Décalage horaire oblige, regarder en direct les matchs de la ligue nord-américaine implique un rythme de sommeil bien particulier. Quand ils ne sont pas diffusés à un horaire européen (la plupart du temps une seule rencontre par semaine, le dimanche soir aux alentours de 21h) ou que la NBA ne se déplace pas directement sur le Vieux-Continent, comme c’est le cas une fois par an avec le NBA Paris Game, organisé ce jeudi à l’Accor Arena (Cleveland Cavaliers-Brooklyn Nets), les matchs débutent le plus souvent entre 1h30 (côte est) et 4h30 (côte ouest) du matin.

"Il y a deux types de directs: les directs de l’Est et les directs de l’Ouest, détaille Rémy (28 ans), acheteur pour une marque de grande distribution et fan inconditionnel des Toronto Raptors. Ça ne se regarde pas de la même manière. Le week-end, c’est très pratique, car tu peux sortir et quand tu rentres vers 1h30-2h, il y a les matchs à l’Est. C’est parfait pour continuer sur sa lancée. Quand ce sont des matchs à l’Ouest, des matchs à 4h-4h30, je me couche bien plus tôt et je me réveille pour l’heure du match. Le match termine vers 7h, l’heure à laquelle je me réveille normalement donc c’est parfait.
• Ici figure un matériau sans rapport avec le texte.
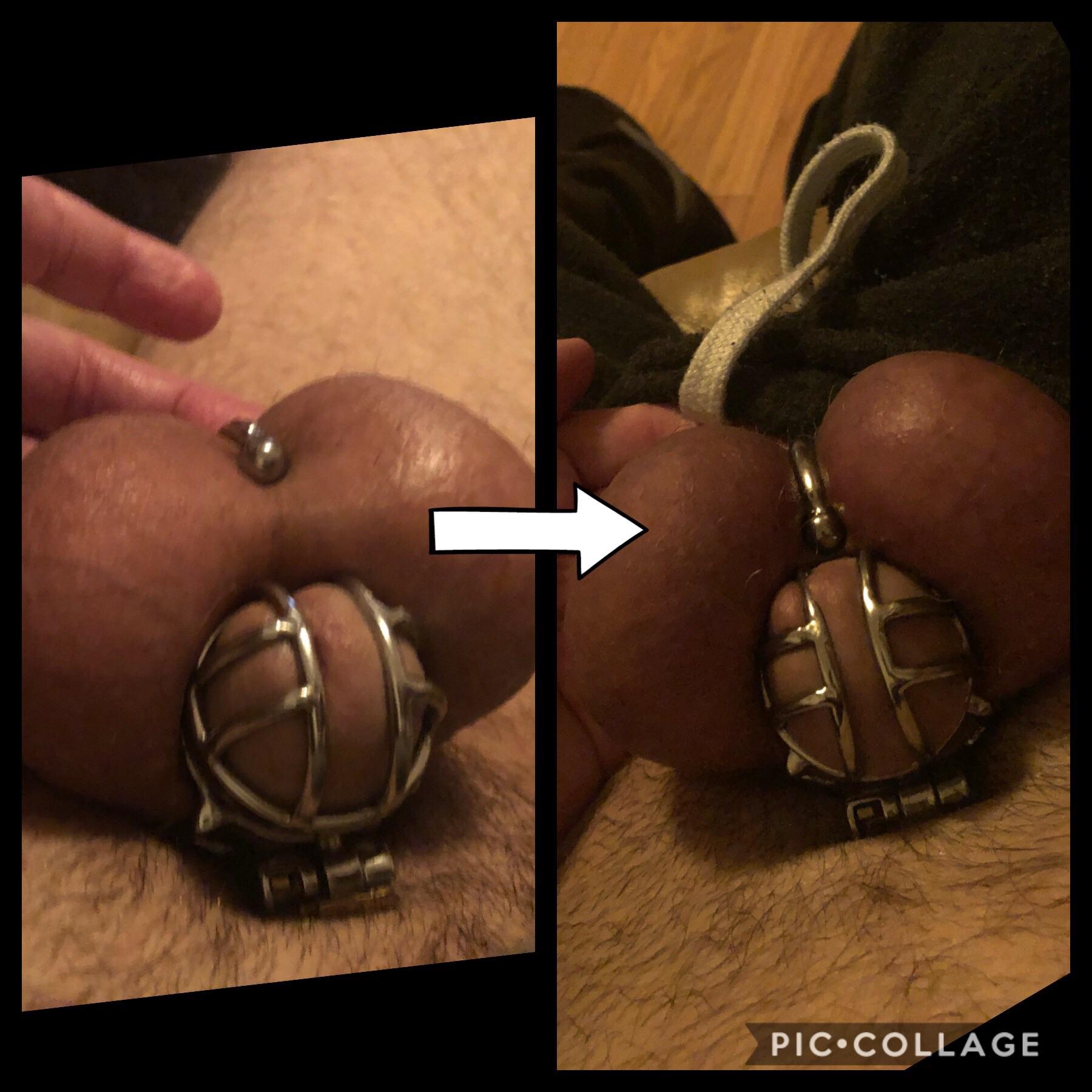 Chastity Case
Je décale juste mes heures de sommeil."

"Impossible de voir le match en replay"

"J’ai développé la bonne habitude de la sieste, sourit Louis (26 ans), journaliste-pigiste le jour et aux manettes des réseaux sociaux de la Spurs Nation France, compte dédié à l’actualité des San Antonio Spurs de Victor Wembanyama (plus de 25.000 abonnés sur X) la nuit. La sieste, c’est vital, sinon on s’écroule rapidement. J’avoue que le rythme est un peu dur. Mais c’est comme ça, car c’est impossible de voir le match en replay. C’est comme si tu demandais à un fan du PSG de regarder le match de Ligue des champions en replay… Bah non! Voir le match en direct, pouvoir interagir avec les gens, c’est une sensation inégalée."
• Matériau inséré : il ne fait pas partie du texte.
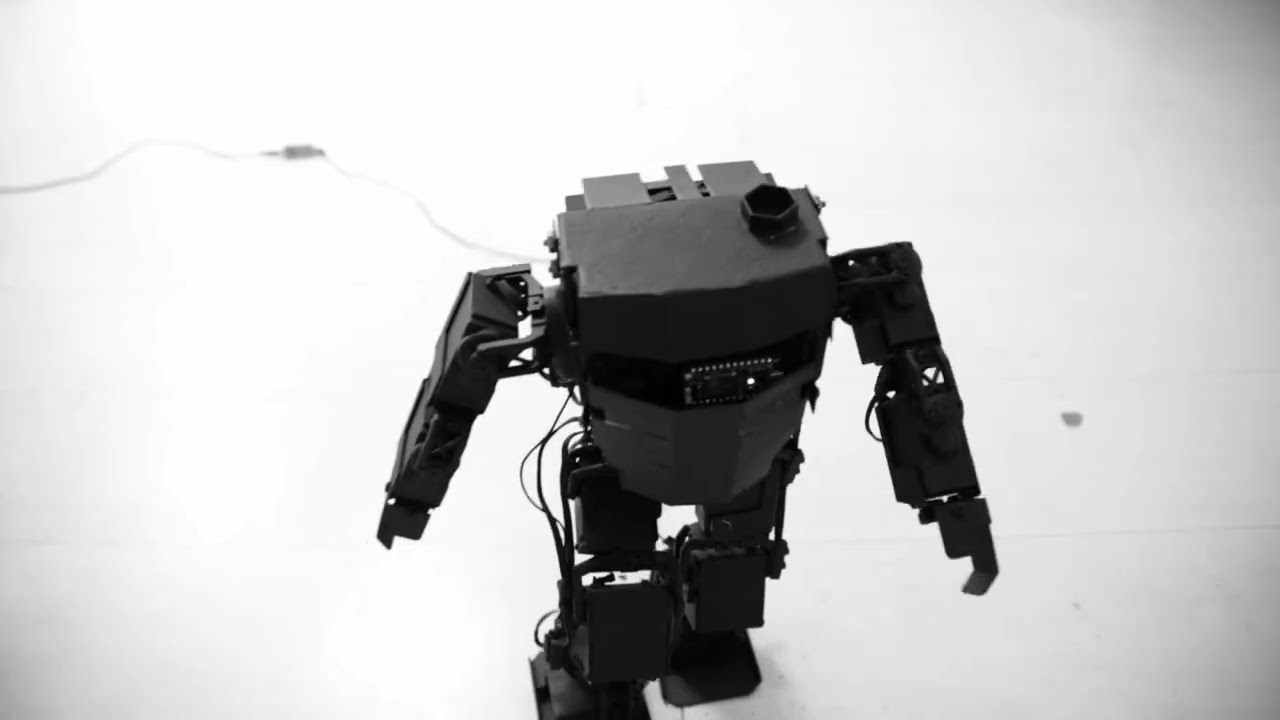 Robot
Selon une étude conduite par OnePoll pour le compte d’Hotels.com auprès de 2000 Français fans de basketball, 98% des sondés assurent que les matchs de NBA ont un impact sur leur rythme de sommeil. Avec forcément des conséquences sur leur vie de tous les jours. "Parfois, c’est dur d’enchaîner quand on a deux ou trois affiches qu’on a envie de regarder dans la semaine. Quand il y a plusieurs matchs immanquables, c’est hyper crevant. Ca ne m’est jamais arrivé d’être au point où je n’arrivais pas à me lever pour aller au boulot, mais c’est vrai que ça m’est arrivé d’être vraiment crevé", admet Clément. "J’arrive à me mettre en mode pilote auto avec deux ou trois heures de sommeil, complète Louis, community manager de la Spurs Nation France. Mais je sais que certains de mes prédécesseurs ont arrêté car c’était trop dur de concilier une vie avec des horaires de bureau classique et des commentaires de matchs à 2h du matin."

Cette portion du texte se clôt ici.